Constant vector of output scaling factors. The following equality must hold: \(scales.size() = \prod\limits_{d \in mask} weights.dims[d].\) Violations can only be detected when the attributes are used to create a primitive descriptor.

void get_rnn_weights_qparams(int& mask, std::vector<float>& scales)

Returns the quantization scaling factors for RNN projection weights tensors.

Note

The dimension order is always native and does not depend on the actual layout used. For example, five-dimensional weights always have (l, d, i, g, o) logical dimension ordering.

Parameters:

mask

Scaling factors correspondence mask that defines the correspondence between the output tensor dimensions and the scales vector. The set i-th bit indicates that a dedicated scaling factor should be used each index along that dimension. Set the mask to 0 to use a common scaling factor for the whole output tensor.

scales

Constant vector of output scaling factors. The following equality must hold: \(scales.size() = \prod\limits_{d \in mask} weights.dims[d].\) Violations can only be detected when the attributes are used to create a primitive descriptor.

void set_rnn_weights_projection_qparams(
    int mask,
    const std::vector<float>& scales
    )

Sets quantization scaling factors for RNN projection weights tensors.

passed to RNN primitives using attributes.

Note

The dimension order is always native and does not depend on the actual layout used. For example, five-dimensional weights always have (l, d, i, g, o) logical dimension ordering.

Note

Quantization scales are common for weights_layer and weights_iteration

Parameters:

mask

Scaling factors correspondence mask that defines the correspondence between the output tensor dimensions and the scales vector. The set i-th bit indicates that a dedicated scaling factor should be used each index along that dimension. Set the mask to 0 to use a common scaling factor for the whole output tensor.

scales

Constant vector of output scaling factors. The following equality must hold: \(scales.size() = \prod\limits_{d \in mask} weights.dims[d].\) Violations can only be detected when the attributes are used to create a primitive descriptor.
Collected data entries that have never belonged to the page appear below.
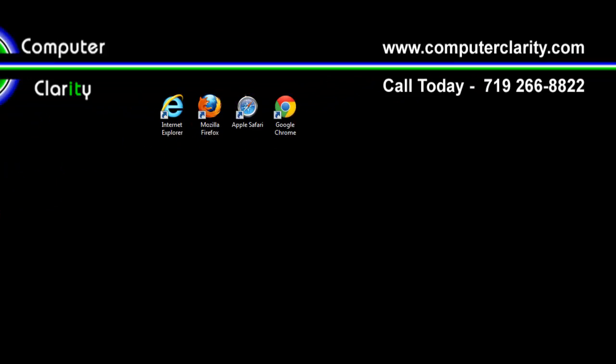If you have any questions, please visit our website at www.computerclarity.com or call today at 719-266-8822 for Computer Clarity.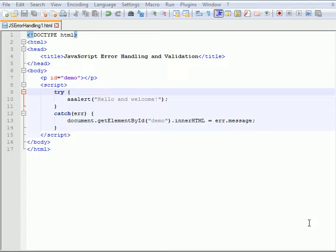Error handling in JavaScript. In JavaScript, the terminology that is used when referring to errors and error handling is throw, try and catch.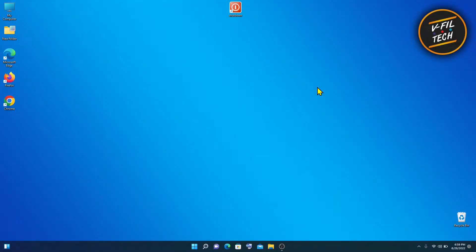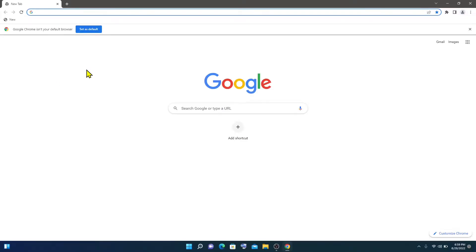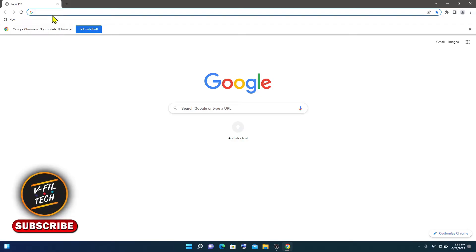Hi everyone. In today's video I'll show you how you can add a YouTube shortcut on your desktop in Windows 11 using Google Chrome browser. To create a YouTube shortcut, open Google Chrome browser and then the YouTube website.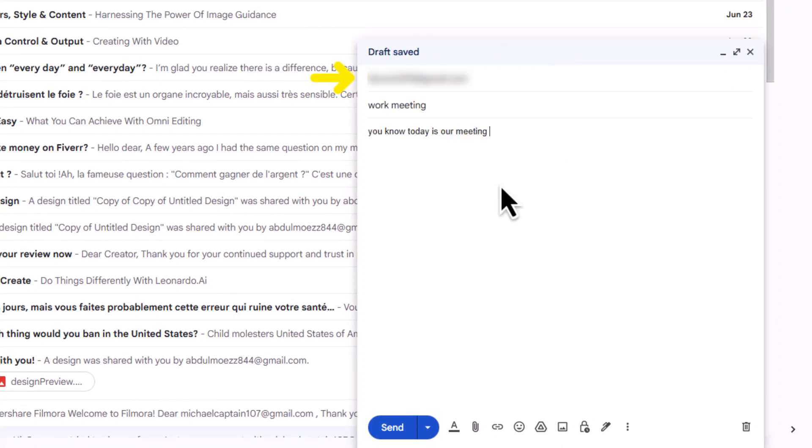Now, type in the recipient's email, a subject like Reminder, Meeting Tomorrow, and write your message clearly and politely.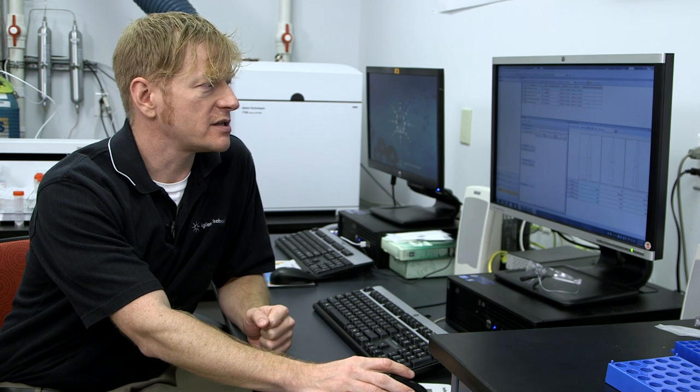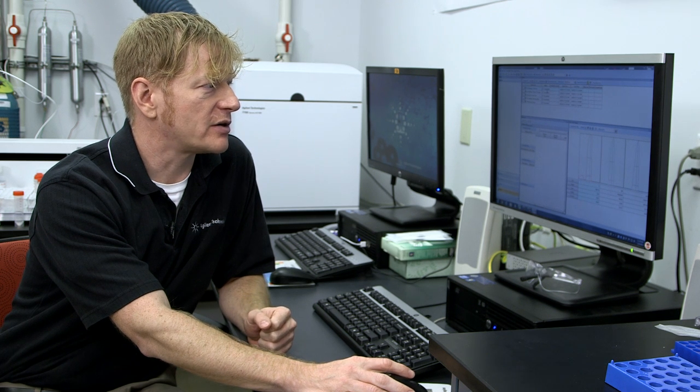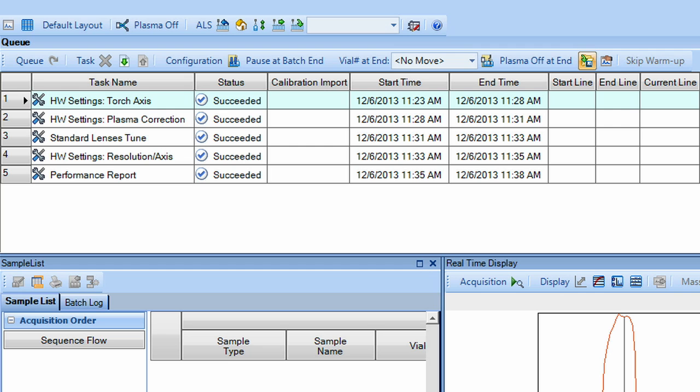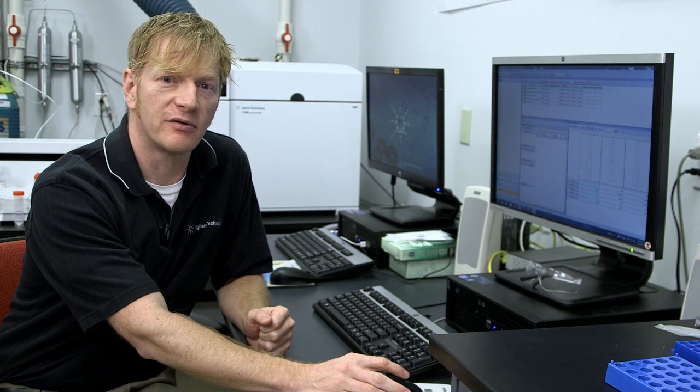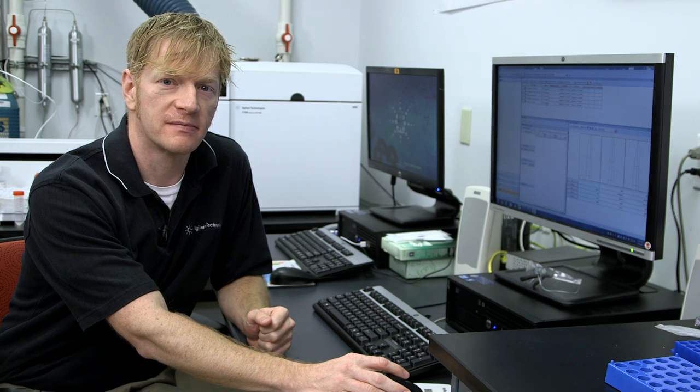So as you can see, the startup protocol has succeeded for all the parameters that we had selected. Now we can develop our method and run our samples. And this is done through the batch.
void get_rnn_weights_projection_qparams(int& mask, std::vector<float>& scales)

Returns the quantization scaling factors for RNN projection weights tensors.

Note

The dimension order is always native and does not depend on the actual layout used. For example, five-dimensional weights always have (l, d, i, g, o) logical dimension ordering.

Parameters:

mask

Scaling factors correspondence mask that defines the correspondence between the output tensor dimensions and the scales vector. The set i-th bit indicates that a dedicated scaling factor should be used each index along that dimension. Set the mask to 0 to use a common scaling factor for the whole output tensor.

scales

Constant vector of output scaling factors. The following equality must hold: \(scales.size() = \prod\limits_{d \in mask} weights.dims[d].\) Violations can only be detected when the attributes are used to create a primitive descriptor.